Books For Teachers: Brian Clegg’s Getting Science

Getting Science by Brian Clegg targets an audience of elementary school teachers who feel less than confident about teaching science in their classrooms. While I am not in his target audience, I’m close to it. (I love science and teach in small groups of homeschooled students.) Clegg did some things authors should do. He caught my attention, told me stuff I needed to read or wanted to learn, and kept my attention throughout the book. I learned a bit and further solidified prior knowledge. It’s a good book, and after reading this it, I hope many primary school teachers do read it.

Clegg starts his writing with reasons why science can be a little scary. Journal articles and academic writing in general is stuffy and uses inflated words instead of simple-to-understand, everyday language. Science articles weren’t always written that way, and they certainly don’t need to be written that way, but it is custom and tradition now. It takes a bit of effort to sift through that language, but luckily, you don’t need to. You can be an effective and fun science teacher without the stuffy journals. Learn from reading popular books and science shows instead.

Clegg also talks about what science is and should be. Science is an adventure. It should be fun. It should fill you with wonder. Science tries to figure out how the universe works. That doesn’t sound so scary, right?

His first chapter talks about how to engage the kids in the lesson. People like people, so he suggests putting the science in context and finding it in real life. What was the scientist who made the discovery like? How did that scientist grow up? What in his or her life led him to think and experiment the way he did in order to make the discovery? In addition to involving the people and a little history, find the science in real life. If you’re talking about cell division, you could mention making bread and perhaps bring yeast into the classroom. He suggests sprinkling the discussion with amazing, and gross, facts. Kids like gross. He emphasizes that the kids should do stuff with their hands. Watching a demonstration is better than just hearing about it, but the best bet is to have the kids do the experiment or demonstration themselves. We learn by doing. And mostly, make it fun.

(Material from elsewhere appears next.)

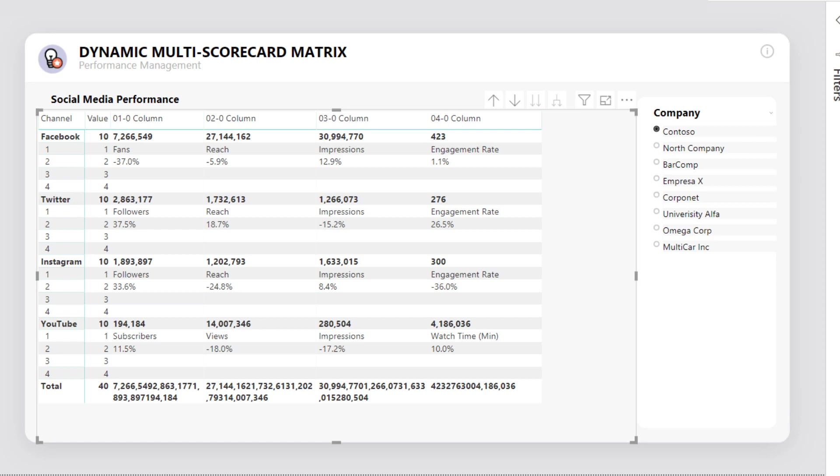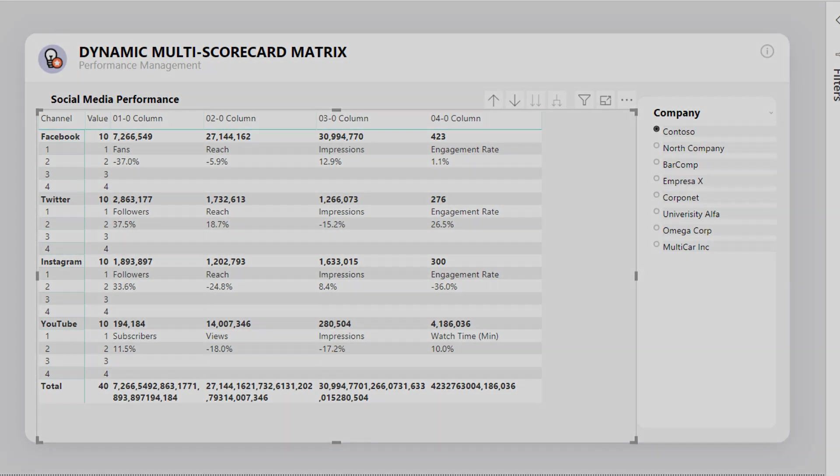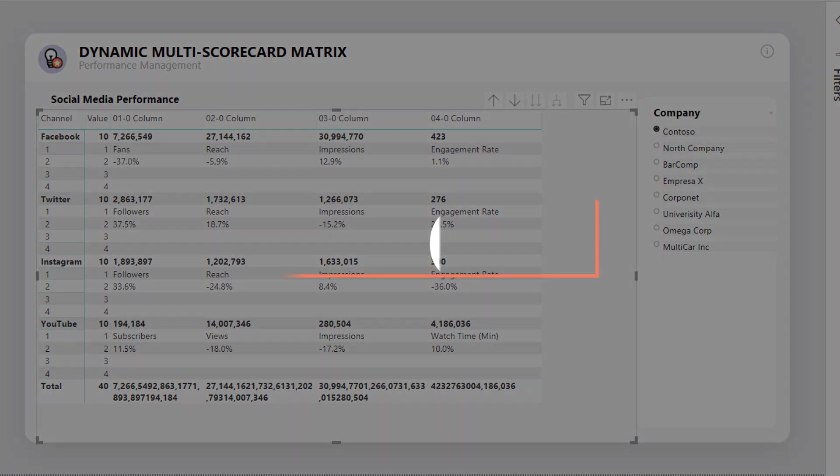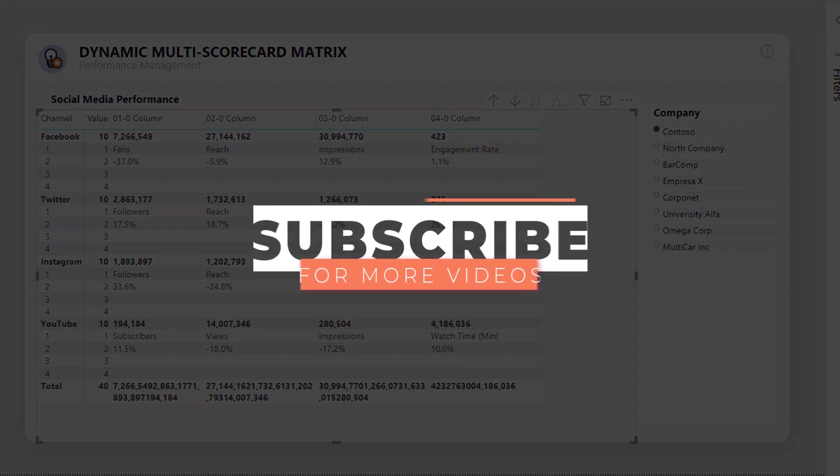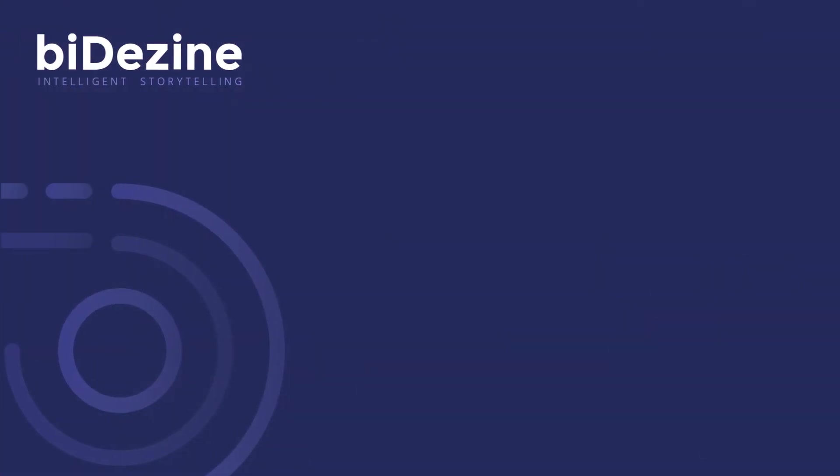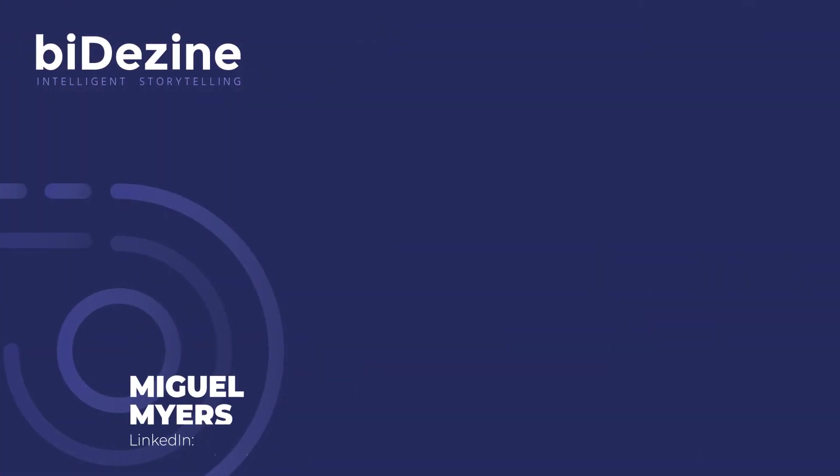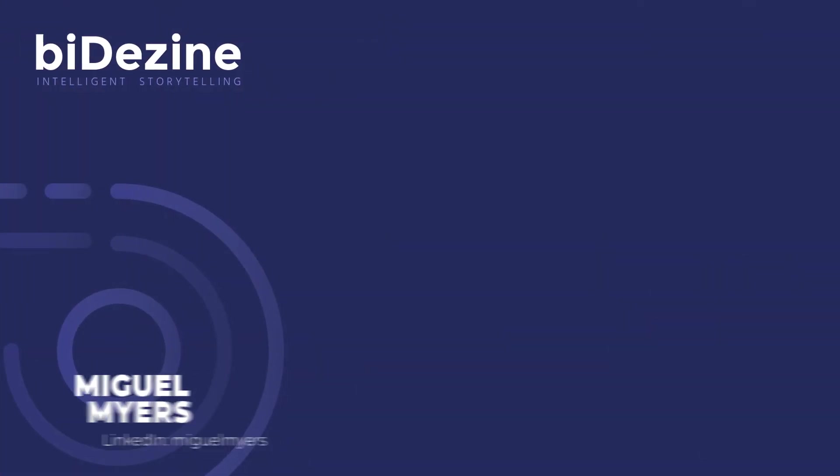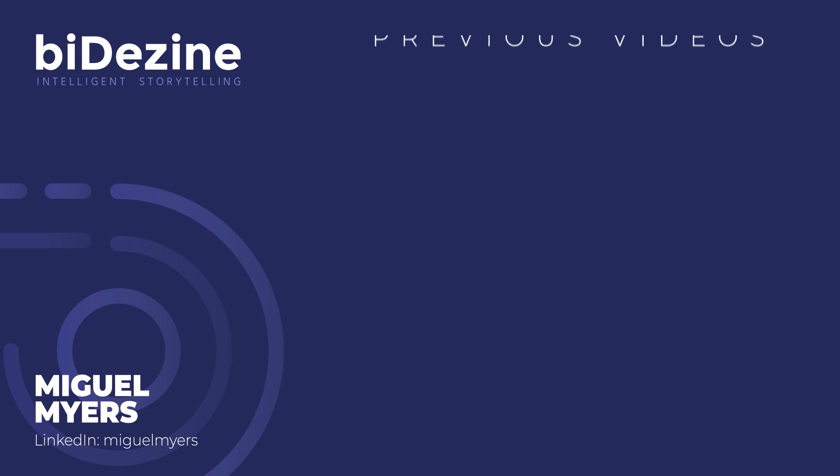In the next video, I'll show you how to apply formatting to transform this matrix into a dynamic multi-score card. Stay tuned! Don't forget to subscribe and tap the bell! Plus, make Miguel happy by liking this video! I am Miguel Myers, and I'll be back in the next video!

If nothing else, teachers should read the first chapter of the book.

The second chapter talks about why we have labs. People aren’t good observers. Many people don’t know the difference between causality and correlation. Anecdotes are not data. Disproving is much easier than proving. All of these people facts lead to why we have laboratories. Fortunately, labs are no longer just filled with middle-aged white men in lab coats, and personalities of all different types can be found in scientific laboratories.

Clegg talks about different scientific eras in his third chapter. 500BC to 1500AD is the classical period. During this time, the prevailing “theory” prevailed because it was argued successfully. There really wasn’t much science involved. Some of this classical thinking is still around today in the form of astrology and the four elements. The clockwork era of science was from 1500AD (the end of the middle ages) to around 1900AD. This era was filled with scientific discoveries and theories that make sense. Newton said force equals mass times acceleration. That makes sense. Spontaneous generation theories disappeared because people figured out flies deposited eggs on raw meat. Clegg calls the current era counter-intuitive. That is, this era of science doesn’t seem to make sense. Just think of the phrases quantum theory, relativity, and light is light but it can act like a wave or a particle.

Chapters 4, 5, and 6 talk about cool things in science and Clegg gives suggestions for learning and teaching the topics. What is life? Why don’t humans have fur? How does cloning work what are the five states of matter (Yes, five. It’s not just solid, liquid, and gas). How do mirrors work? What’s the difference between mass and weight? What are black holes? What are wormholes? His explanations are pretty easy to follow.

Chapter 7 makes a case for making science hands on. Chapter 8 talks about finding and seeing science in the real world and how to make experiments come alive, but not in a Weird Science like way. Chapter 9 talks about science on the web. Which web sites are trustworthy, and how can you tell if a site is trust worthy. He also gives hints on how to search the web. Chapter 10 gives ideas on how to keep up to date in science and Chapter 11 tells you to go inspire the world.

The book was easy to read and didn’t take a long time. Even so, it managed to pack a lot of good information in it. Are you a primary or elementary school teacher? If so, go to your library and check out this little treasure.